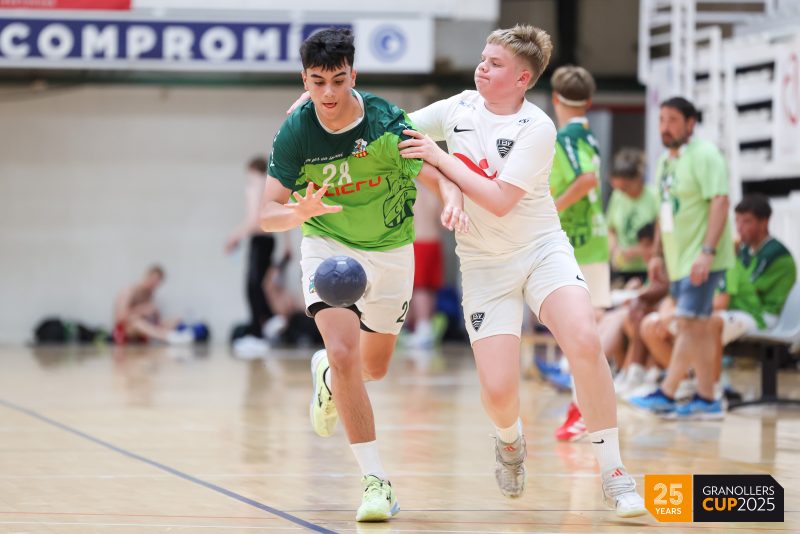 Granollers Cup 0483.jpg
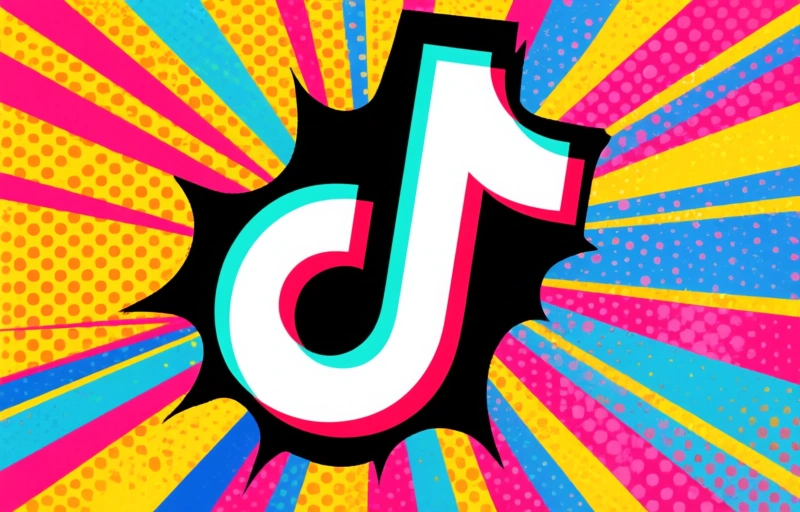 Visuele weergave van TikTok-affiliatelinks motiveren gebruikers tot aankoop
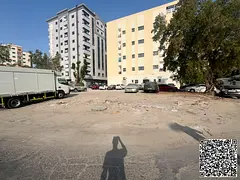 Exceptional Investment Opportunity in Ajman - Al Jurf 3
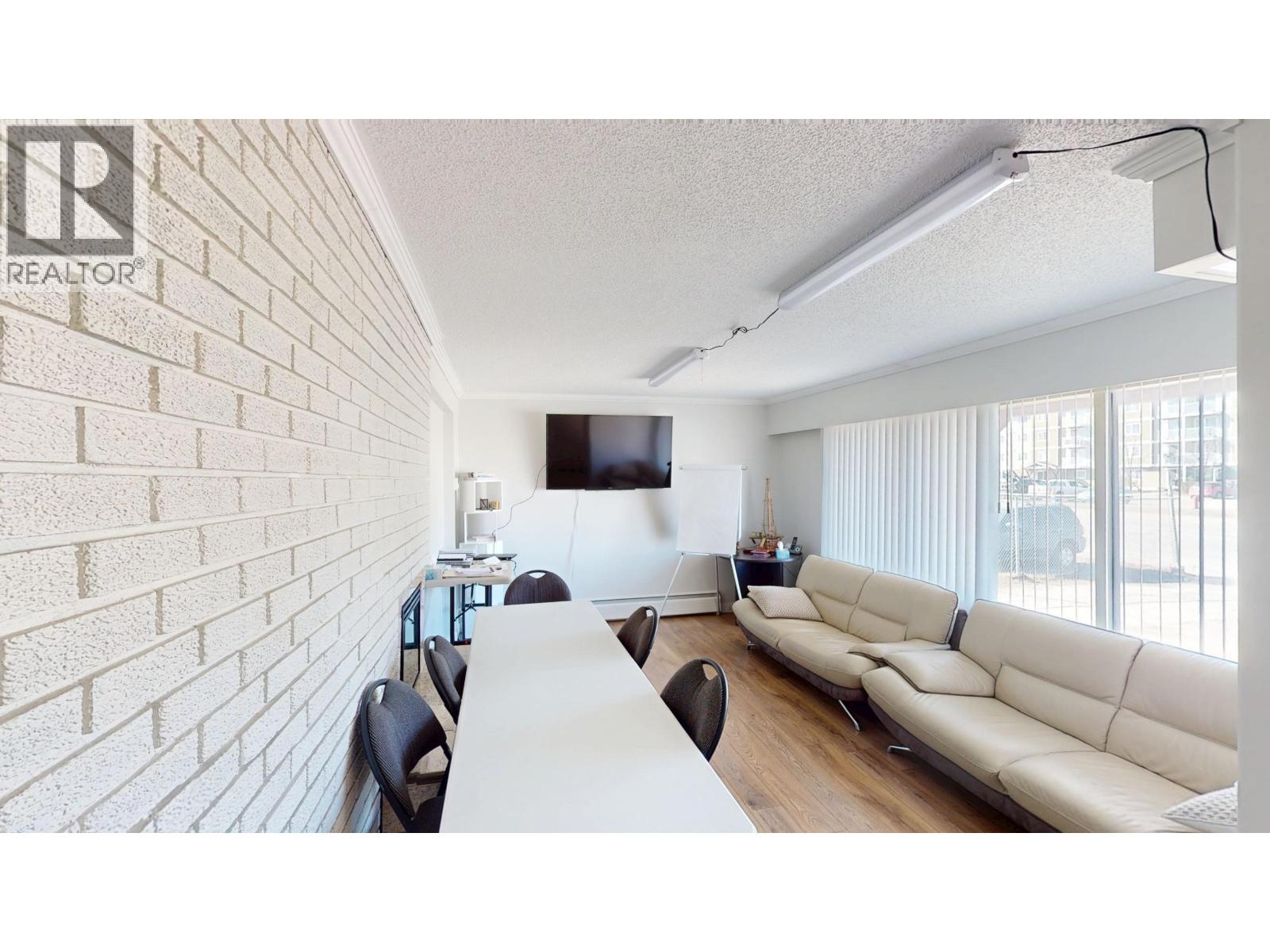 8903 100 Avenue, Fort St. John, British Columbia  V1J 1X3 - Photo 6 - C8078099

● **TASK TO COMPLETE**
All the material shown above is to be copied exactly, with no pictures carried over.

● **SOLUTION TO THE EXERCISE**
 Granollers Cup 0483.jpg
 Visuele weergave van TikTok-affiliatelinks motiveren gebruikers tot aankoop
 Exceptional Investment Opportunity in Ajman - Al Jurf 3
 8903 100 Avenue, Fort St. John, British Columbia  V1J 1X3 - Photo 6 - C8078099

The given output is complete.